Demikian halnya dengan pemilu Presiden dan Wakil Presiden serta Pemilu kepada
daerah sama sebagaimana penyelesaian sengketa hasil pemilu anggota DPR, DPD, dan
DPRD. Pemilu Presiden dan Wakil Presiden serta Pemilukada penyelesaian sengketa
hasil pemilu dilakukan oleh Mahkamah Konsitusi. Undang – Undang Nomor 42 Tahun
2008 memberikan landasan hukum mengenai penyelesaian perselisihan hasil pemilu
Presiden dan Wakil Presiden. Yang dijelaskan dalam Pasal 201 Undang – Undang Nomor
42 Tahun 2008.
Pada mulanya yang dimaksudkan pemilu adalah pemilu untuk memilih anggota DPR,
DPD, dan DPRD, serta pemilu Presiden dan Wakil Presiden. Pembentuk Undang –
Undang pada saat itu melihat pemilihan kepala daerah dan wakil daerah bukan merupaka
rezim pemilu, sehingga wewenang untuk menyelesaikan sengketa hasil pemilihan kepala
daerah dan wakil daerah diberikan kepad Mahkamah Agung.

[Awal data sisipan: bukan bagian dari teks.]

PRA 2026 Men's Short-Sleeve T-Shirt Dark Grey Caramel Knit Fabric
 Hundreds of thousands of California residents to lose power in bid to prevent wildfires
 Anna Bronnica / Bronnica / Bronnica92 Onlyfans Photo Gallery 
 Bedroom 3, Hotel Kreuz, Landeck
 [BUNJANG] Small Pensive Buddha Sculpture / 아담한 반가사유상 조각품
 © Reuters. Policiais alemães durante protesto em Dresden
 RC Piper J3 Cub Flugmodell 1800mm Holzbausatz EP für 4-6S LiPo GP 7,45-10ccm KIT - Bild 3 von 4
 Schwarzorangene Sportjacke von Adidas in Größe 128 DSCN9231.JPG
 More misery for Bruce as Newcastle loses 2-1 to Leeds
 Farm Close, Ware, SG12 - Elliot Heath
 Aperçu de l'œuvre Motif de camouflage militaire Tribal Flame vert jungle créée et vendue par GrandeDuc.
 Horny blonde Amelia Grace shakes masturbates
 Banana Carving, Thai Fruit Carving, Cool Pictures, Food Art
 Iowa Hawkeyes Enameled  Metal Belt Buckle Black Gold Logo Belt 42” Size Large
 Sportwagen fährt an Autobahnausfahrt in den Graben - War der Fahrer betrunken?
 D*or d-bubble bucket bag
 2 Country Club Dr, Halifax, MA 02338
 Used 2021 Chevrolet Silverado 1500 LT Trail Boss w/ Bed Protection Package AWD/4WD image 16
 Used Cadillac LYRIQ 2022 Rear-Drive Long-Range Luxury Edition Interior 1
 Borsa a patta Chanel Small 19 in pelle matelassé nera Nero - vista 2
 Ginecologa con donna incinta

UUD 1945 hanya menenutukan kepala daerah dipilih secara demokratis, sehingga
pemilihan kepada daerah tidak dimasukkan dalam penyelenggaraan pemilu sebagaimana
telah diatur dalam pasal 22E ayat 2 UUD 1945. Selanjutnya melalui Undang-Undang
nomor 22 tahun 2007, bahwa pemilihan kepala daerah dimasukkan ke dalam rezim
pemilu. Dengan demikian, wewenang memutus perselisihan hasil pemilihan kepala
daerah juga dialihkan kepada Mahkamah Konstitusi, dengan alas an UUD 1945
menentukan lembaga yang berwenang memutus perselisihan hasil pemilu adalah
Mahkamah Konstitusi.
BAB III
PENUTUP
A. Kesimpulan
1. Pemilihan umum merupakan sarana pelaksanaan asas kedaulatan rakyat yang pada
hakikatnya merupakan pengakuan dan perwujudan hak-hak politik rakyat dan sekaligus
merupakan pendelegasian hak-hak tersebut oleh rakyat kepaa wakil-wakilnya untuk
menjalankan pemerintahan.
4. Penyelenggara pemilihan umum ada tiga yaitu Komisi Pemilihan Umum, Badan
Pengawas Pemilu, dan Dewan Kehormatan Penyelenggara Pemilu
5. Pelaksanaan Pemilu di Indonesia telah terjadi sebanyak sebelas kali yaitu dari tahun
1955 sampai 2014 yang tiga diantaranya dilakukan secara langsung yaitu tahun 2004,
2009, dan 2014.
B. Penutup
saya menyadari bahwa makalah saya masih jauh dari kata sempurna, oleh
karenanya saya mohon kritikan dan saran yang bersift membangun demi perbaikan
makalah ini agar lebih baik lagi kedepannya.